→ **Exercise goal**
Pull out of the data below the stretch of lines bounded by the one containing "La Chapelle de" and the one containing "2011 Toyota Prius", both bounds included, unchanged.

■ ■ ■ ■ ■

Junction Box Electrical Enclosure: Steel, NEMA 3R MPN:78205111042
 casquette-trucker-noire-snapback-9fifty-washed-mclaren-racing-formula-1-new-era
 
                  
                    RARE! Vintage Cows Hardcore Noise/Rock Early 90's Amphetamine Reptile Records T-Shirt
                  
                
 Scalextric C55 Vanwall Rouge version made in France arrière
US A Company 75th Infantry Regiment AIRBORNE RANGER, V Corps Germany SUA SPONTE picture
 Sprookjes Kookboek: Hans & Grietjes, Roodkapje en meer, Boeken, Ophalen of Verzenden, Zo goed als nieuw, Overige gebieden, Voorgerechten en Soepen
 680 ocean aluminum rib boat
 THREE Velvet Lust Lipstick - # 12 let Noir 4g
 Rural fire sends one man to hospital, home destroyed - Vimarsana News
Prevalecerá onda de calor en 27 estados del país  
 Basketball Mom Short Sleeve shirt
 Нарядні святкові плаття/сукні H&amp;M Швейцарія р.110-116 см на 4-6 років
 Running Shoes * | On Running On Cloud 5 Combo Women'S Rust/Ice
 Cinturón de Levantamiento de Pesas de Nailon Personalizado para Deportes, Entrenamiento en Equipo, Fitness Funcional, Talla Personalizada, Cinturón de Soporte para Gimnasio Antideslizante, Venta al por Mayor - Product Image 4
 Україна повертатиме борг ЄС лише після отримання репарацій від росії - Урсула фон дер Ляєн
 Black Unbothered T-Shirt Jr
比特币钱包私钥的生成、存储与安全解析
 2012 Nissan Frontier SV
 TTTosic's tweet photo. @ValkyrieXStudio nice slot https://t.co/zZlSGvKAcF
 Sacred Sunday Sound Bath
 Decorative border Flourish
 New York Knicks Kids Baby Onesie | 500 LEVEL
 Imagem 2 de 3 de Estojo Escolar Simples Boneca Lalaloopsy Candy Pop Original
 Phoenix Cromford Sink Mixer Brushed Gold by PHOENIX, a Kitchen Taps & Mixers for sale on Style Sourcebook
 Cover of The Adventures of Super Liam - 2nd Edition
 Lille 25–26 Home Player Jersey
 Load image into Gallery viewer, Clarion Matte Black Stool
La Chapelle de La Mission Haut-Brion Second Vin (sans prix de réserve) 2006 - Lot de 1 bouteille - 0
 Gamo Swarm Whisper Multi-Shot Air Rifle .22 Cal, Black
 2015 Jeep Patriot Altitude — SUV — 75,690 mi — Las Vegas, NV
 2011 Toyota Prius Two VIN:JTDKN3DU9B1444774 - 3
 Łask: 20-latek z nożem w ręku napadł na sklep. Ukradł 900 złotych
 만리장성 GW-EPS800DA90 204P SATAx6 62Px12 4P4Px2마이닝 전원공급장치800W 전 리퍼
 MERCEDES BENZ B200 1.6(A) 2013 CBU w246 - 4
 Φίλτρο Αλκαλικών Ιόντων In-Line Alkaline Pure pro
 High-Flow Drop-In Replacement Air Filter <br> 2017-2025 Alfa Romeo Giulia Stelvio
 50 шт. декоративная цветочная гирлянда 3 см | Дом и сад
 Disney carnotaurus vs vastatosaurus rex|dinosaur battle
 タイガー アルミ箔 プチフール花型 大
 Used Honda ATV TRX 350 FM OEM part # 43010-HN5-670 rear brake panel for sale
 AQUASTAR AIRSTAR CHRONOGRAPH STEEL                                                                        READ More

■ ■ ■ ■ ■

→ **Solution to the problem**
La Chapelle de La Mission Haut-Brion Second Vin (sans prix de réserve) 2006 - Lot de 1 bouteille - 0
 Gamo Swarm Whisper Multi-Shot Air Rifle .22 Cal, Black
 2015 Jeep Patriot Altitude — SUV — 75,690 mi — Las Vegas, NV
 2011 Toyota Prius Two VIN:JTDKN3DU9B1444774 - 3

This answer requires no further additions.